This phylogeny of pterosaurs entails the various phylogenetic trees used to classify pterosaurs throughout the years and varying views of these animals. Pterosaur phylogeny is currently highly contested and several hypotheses are presented below.

==Historical classification==

===Early theories===
The earliest discoveries of pterosaurs were partnered with debate over their classification and relatedness to modern animals, beginning with the 1784 description of what would become Pterodactylus as a marine vertebrate of uncertain relationships. Following this, French palaeontologist Georges Cuvier would identify the animal as a reptile; part of some previously unknown flying lineage which is now extinct. Alternative identifications for Pterodactylus around the same time included a waterfowl or a new kind of bat, and even as a form intermediate between birds and flying mammals.
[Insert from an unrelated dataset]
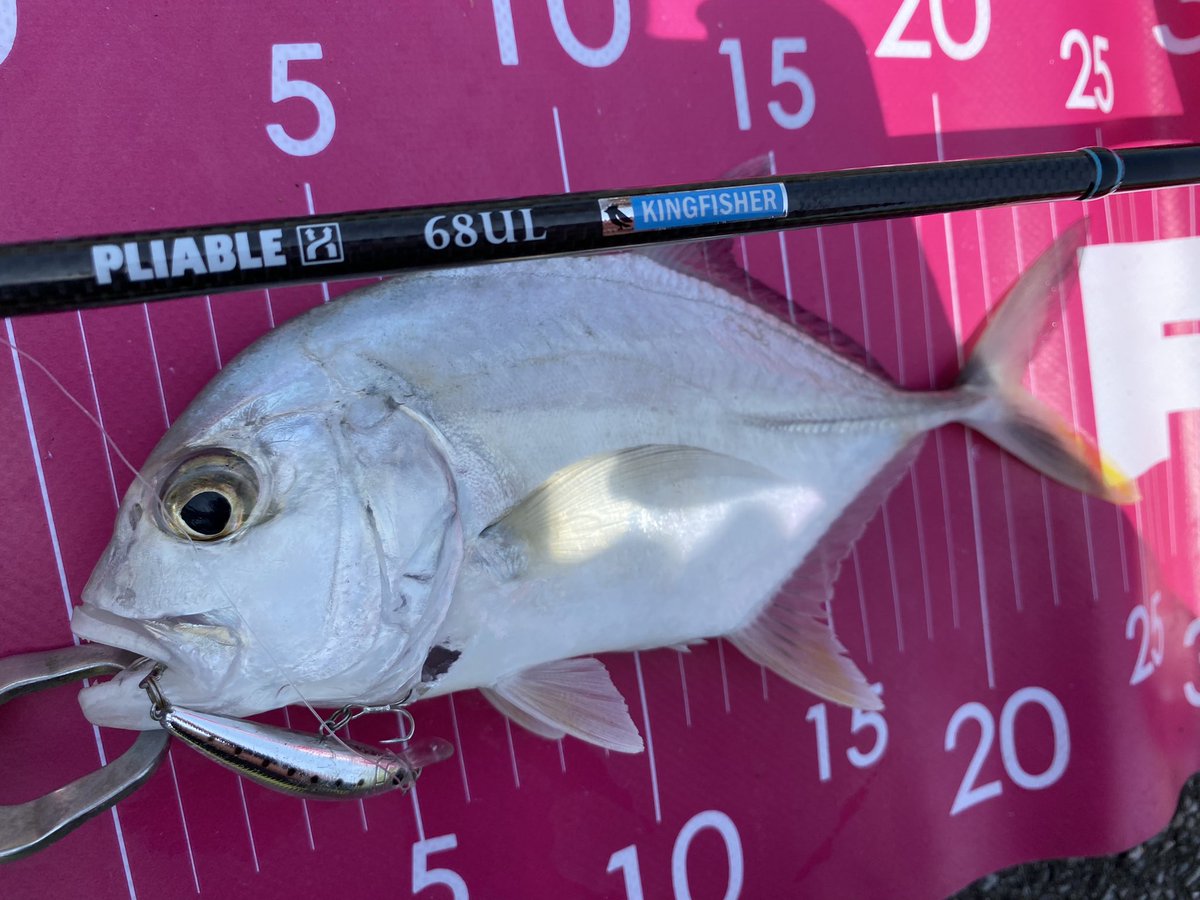 FIDELITY_TACKLE's tweet photo. おはようございます😆☀️
昨日はPLIABLE68UL🎣✨
よく曲がる‼️😍
#PLIABLE68ul
#azusams3 https://t.co/cGmNKV80EC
Very sparse pterosaur fossils were known throughout the early 19th century, and even beyond Pterodactylus the only other fossil reptiles to compare with were Protorosaurus, an ichthyosaur and a crocodile, and Mosasaurus. The first group name given for pterosaurs was in 1834 when German naturalist Johann Jakob Kaup named Pterosauri for then, which was followed by the names Podoptera, Ornithosauri, Ornithosaurii, Saurornia, Ornithosauria, and Patagiosauria introduced by various other authors. The accepted name for pterosaurs is Pterosauria, a corrected spelling introduced in 1842 by British palaeontologist Richard Owen for the name given by Kaup. Pterosaurs, while classified as an order within Reptilia by Owen, were continuously placed between mammals and reptiles, birds and mammals, or between reptiles and birds, as classification did not account for the possibility that cold-blooded reptiles could include and be ancestral to warm-blooded groups like birds, mammals, and presumably pterosaurs.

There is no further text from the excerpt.